Ama işte kurban olduğum UEFA'sı adeta ilahi adaleti dağıtıyor. Yıldırım Demirören'in Beşiktaş'tan gidişini hatırlayalım hep beraber. Beşiktaş kongresi toplandı ibrasını helali hoş ettiler müstakbel TFF başkanının. Alnından öptüler, en büyük Beşiktaş'lı dediler. Demirören de çıktı "Alacaklarımdan vazgeçtim" dedi. Of bak bak bak sözde büyük kulüp camiasına bak. Ne oldu sonra?

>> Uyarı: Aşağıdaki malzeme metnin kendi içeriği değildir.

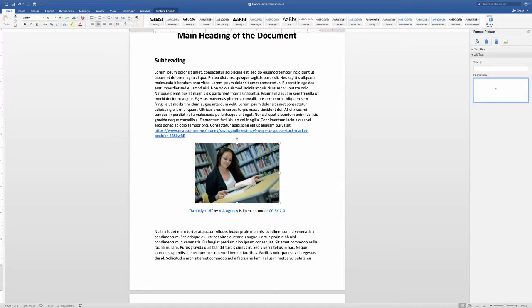Leave the title area blank and type a description of the image in the description area. In this case, I know that the person in the image is a college student and that she's in a library, so I'm going to type "a college student reading a book in the library." When you're done, simply click on the X button to close it out.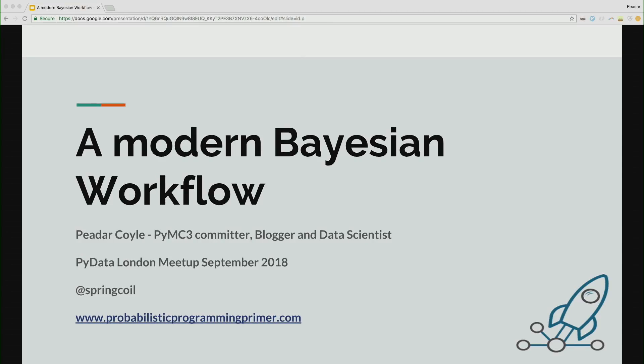So yeah, I'm a PyMC3 contributor, blogger, data scientist, consumer of alcohol. You can find me on Twitter with Spring Coil. I'm not pitching this, but I've put together a course on probabilistic programming, so if you're interested you can have a look.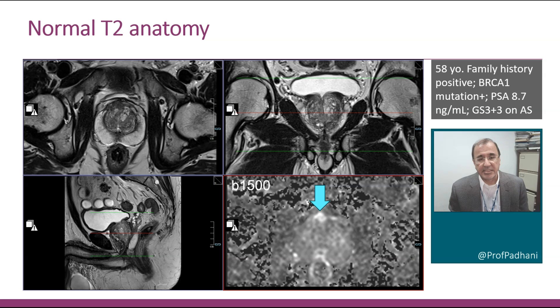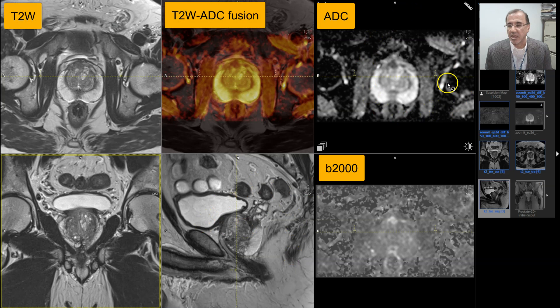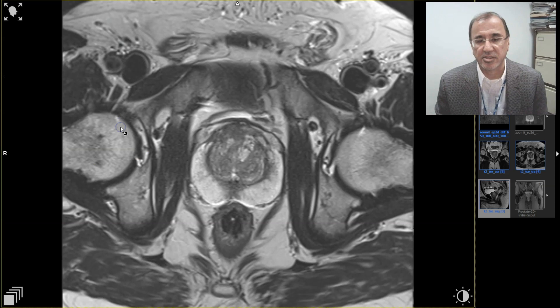Let's look at this man interactively. He's a 58-year-old man with a family history of prostate cancer who carries a BRCA1 mutation. He has a Gleason 3+3 cancer just behind the anterior fibromuscular stroma and is currently on active surveillance. On the top left we see axial, coronal, and sagittal images; the ADC map; a fusion image of ADC with T2; and the ultra-high B-value image.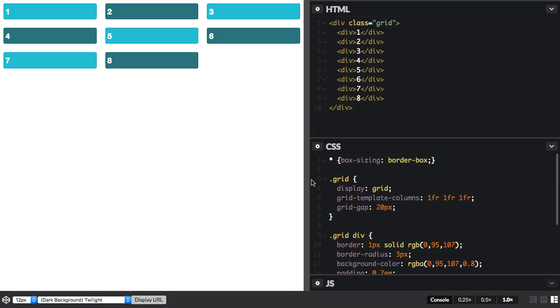In this video, I'm going to show you the repeat syntax for defining a grid. The value of grid template columns, or grid template rows, is a track listing.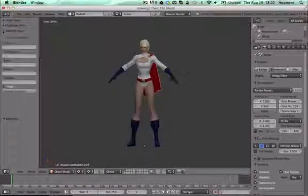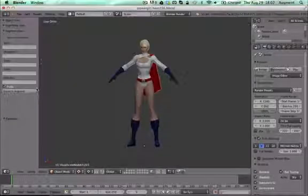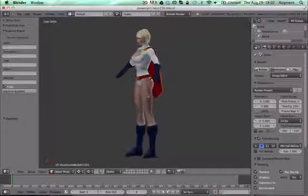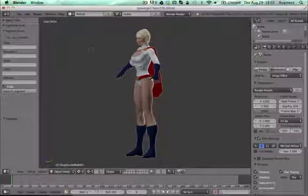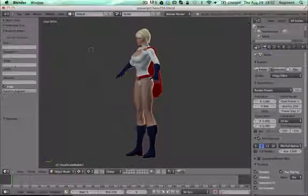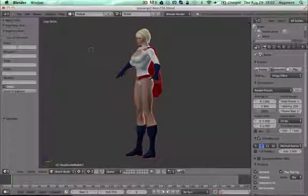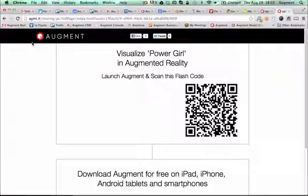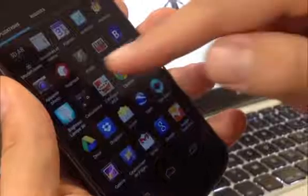Then go back to the Blender interface, select the object you want to export to Augment, and fill in the standard fields like name, tags, and website link, then publish to Augment. You'll get a link with a QR code that you can scan with the Augment app.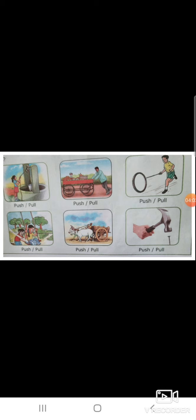Any object that moves involves push or pull. For example, opening the door is push or pull, riding your cycle is push or pull. Every movement of an object involves push or pull.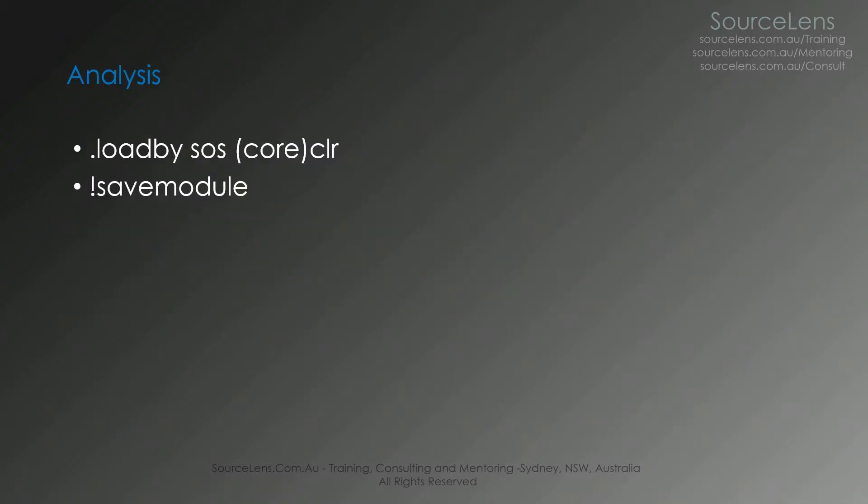We have seen the commands load by SOS core CLR and we have seen the command save module which is the highlight of this presentation. And we have seen ILSpy tool as well.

Mösyö Platini aldı tokmağı eline vurdu Kartalın kafasına vurdu kartalın kafasına. Kartal oldu mu sana serçe? Avrupa'dan silinmiş bir Beşiktaş var bugün karşımızda. Neden? Galatasaray camiasının gösterdiği duruşu gösteremeyip 10 yıla dayanmış bir Demirören imparatorluğunun uşaklığını yaptıkları için. Acımıyorum açıkçası Beşiktaş'a. Öyle tribünden "Yıldırım Demirören Yeter" demelere falan da bakmamak lazım. Beşiktaş tribünlerinin çoğu kongre üyesi, kulüp üyesi. Galatasaray'ımız gibi değilki yapısı. Bugün bir Galatasaray taraftarı öyle elini kolunu sallaya sallaya nerde üye olacak takıma? Bir defa Galatasaray Lisesi'ni okumadıysan işin zor. Bırakacaksın bu işleri. Beşiktaş'ta ise git bir maça tribünde sağına soluna dönsen bir kongre üyesi çıkıyor karşına. Dayı almış eline çekirdeği gelmiş. Helali hoş olsun. E ama sormazlar mı adama tribünde sövdüğün adama kongrede neden oy veriyorsun diye? Bu işler böyle sevgili kartalcıklar. Demirören'in tüpüne bağlarsan takımın ocağını, UEFA da gelir o tüpe tokmağı çaktığı gibi patlatır en narin yerinde.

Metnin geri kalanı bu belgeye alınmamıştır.